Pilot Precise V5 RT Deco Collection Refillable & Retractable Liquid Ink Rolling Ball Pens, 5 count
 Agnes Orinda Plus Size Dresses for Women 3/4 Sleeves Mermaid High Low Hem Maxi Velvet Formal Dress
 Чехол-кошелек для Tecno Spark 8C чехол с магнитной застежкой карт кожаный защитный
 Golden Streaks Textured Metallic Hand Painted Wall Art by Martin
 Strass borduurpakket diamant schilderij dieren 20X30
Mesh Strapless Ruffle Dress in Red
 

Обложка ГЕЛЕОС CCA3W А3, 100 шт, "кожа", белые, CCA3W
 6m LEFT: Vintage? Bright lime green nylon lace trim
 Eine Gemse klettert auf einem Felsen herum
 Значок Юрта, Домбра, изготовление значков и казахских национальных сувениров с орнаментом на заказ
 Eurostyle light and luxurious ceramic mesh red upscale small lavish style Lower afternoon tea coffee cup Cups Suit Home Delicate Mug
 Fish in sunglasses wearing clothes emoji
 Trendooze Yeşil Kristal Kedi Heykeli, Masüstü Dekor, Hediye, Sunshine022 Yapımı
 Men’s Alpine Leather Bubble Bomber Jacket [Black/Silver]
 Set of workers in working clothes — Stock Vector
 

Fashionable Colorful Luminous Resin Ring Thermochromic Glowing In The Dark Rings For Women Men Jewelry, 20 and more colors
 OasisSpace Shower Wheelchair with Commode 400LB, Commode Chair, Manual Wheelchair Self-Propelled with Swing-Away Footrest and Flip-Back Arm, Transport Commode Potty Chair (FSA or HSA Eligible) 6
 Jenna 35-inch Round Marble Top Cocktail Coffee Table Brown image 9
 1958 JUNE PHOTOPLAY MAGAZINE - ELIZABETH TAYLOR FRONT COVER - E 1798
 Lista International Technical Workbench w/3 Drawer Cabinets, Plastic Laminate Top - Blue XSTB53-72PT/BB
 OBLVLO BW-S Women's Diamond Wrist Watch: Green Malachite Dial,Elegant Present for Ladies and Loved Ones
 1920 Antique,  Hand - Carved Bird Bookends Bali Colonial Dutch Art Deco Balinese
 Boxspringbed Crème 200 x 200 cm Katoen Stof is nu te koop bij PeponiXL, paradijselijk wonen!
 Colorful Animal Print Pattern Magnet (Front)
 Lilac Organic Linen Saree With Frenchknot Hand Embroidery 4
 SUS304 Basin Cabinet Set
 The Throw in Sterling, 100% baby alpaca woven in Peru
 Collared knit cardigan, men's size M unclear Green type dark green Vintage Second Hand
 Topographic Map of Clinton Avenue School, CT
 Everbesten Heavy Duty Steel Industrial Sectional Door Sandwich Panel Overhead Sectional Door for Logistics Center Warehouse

▸ **Exercise requirements**: Write out exactly the final stretch of the records: the line containing "Lilac Organic Linen" and every line after it, through the last, and nothing else.

▸ **Answer to this exercise**:
 Lilac Organic Linen Saree With Frenchknot Hand Embroidery 4
 SUS304 Basin Cabinet Set
 The Throw in Sterling, 100% baby alpaca woven in Peru
 Collared knit cardigan, men's size M unclear Green type dark green Vintage Second Hand
 Topographic Map of Clinton Avenue School, CT
 Everbesten Heavy Duty Steel Industrial Sectional Door Sandwich Panel Overhead Sectional Door for Logistics Center Warehouse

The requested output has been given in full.